→ **How to complete this task**: The lines to repeat are those below from the one containing "Computernetze kompakt |" down to the one containing "Twisted Tea Hard", both included; reproduce them exactly and nothing else.

→ **Record extracts**:
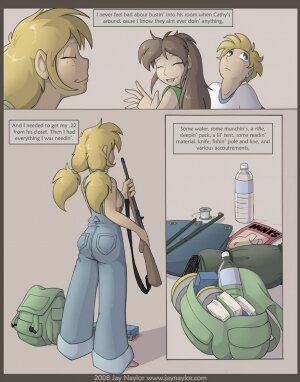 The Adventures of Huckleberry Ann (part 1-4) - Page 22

...

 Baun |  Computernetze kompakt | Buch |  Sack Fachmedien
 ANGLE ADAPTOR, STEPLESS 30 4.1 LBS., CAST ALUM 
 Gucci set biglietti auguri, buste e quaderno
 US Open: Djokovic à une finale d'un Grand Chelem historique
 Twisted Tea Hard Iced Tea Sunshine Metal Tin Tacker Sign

→ **Expected answer**:
 Baun |  Computernetze kompakt | Buch |  Sack Fachmedien
 ANGLE ADAPTOR, STEPLESS 30 4.1 LBS., CAST ALUM 
 Gucci set biglietti auguri, buste e quaderno
 US Open: Djokovic à une finale d'un Grand Chelem historique
 Twisted Tea Hard Iced Tea Sunshine Metal Tin Tacker Sign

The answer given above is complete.